### Your objective
In the entries below, find the lines with the word "Holder" and copy them.

### Short text fragments from websites

######

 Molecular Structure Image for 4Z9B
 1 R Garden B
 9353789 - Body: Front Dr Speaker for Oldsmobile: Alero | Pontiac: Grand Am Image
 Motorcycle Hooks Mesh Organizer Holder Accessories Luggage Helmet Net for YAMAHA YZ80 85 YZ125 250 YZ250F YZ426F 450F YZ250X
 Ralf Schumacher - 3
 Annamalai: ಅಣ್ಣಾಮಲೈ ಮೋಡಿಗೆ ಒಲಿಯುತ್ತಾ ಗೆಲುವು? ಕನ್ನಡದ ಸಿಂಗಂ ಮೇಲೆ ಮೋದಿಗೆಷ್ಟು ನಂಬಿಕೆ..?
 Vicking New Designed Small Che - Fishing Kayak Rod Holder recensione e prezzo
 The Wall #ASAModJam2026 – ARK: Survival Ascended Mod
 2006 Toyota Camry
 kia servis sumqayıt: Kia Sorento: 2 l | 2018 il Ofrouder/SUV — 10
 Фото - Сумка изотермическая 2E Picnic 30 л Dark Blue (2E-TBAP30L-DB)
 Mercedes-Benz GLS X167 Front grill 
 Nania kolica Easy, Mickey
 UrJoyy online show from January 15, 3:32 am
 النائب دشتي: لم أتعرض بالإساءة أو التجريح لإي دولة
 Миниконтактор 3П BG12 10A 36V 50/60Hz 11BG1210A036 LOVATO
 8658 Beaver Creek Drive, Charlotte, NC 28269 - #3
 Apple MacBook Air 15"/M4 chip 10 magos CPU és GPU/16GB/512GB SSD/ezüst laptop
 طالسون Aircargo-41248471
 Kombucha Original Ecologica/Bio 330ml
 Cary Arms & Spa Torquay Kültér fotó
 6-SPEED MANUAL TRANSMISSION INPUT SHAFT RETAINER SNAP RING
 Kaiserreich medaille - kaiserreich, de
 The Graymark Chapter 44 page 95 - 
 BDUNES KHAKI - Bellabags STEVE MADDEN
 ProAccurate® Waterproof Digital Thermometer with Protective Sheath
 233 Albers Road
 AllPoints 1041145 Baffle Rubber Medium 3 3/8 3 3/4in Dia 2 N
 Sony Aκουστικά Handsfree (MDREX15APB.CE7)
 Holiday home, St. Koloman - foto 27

######

### Result
 Motorcycle Hooks Mesh Organizer Holder Accessories Luggage Helmet Net for YAMAHA YZ80 85 YZ125 250 YZ250F YZ426F 450F YZ250X
 Vicking New Designed Small Che - Fishing Kayak Rod Holder recensione e prezzo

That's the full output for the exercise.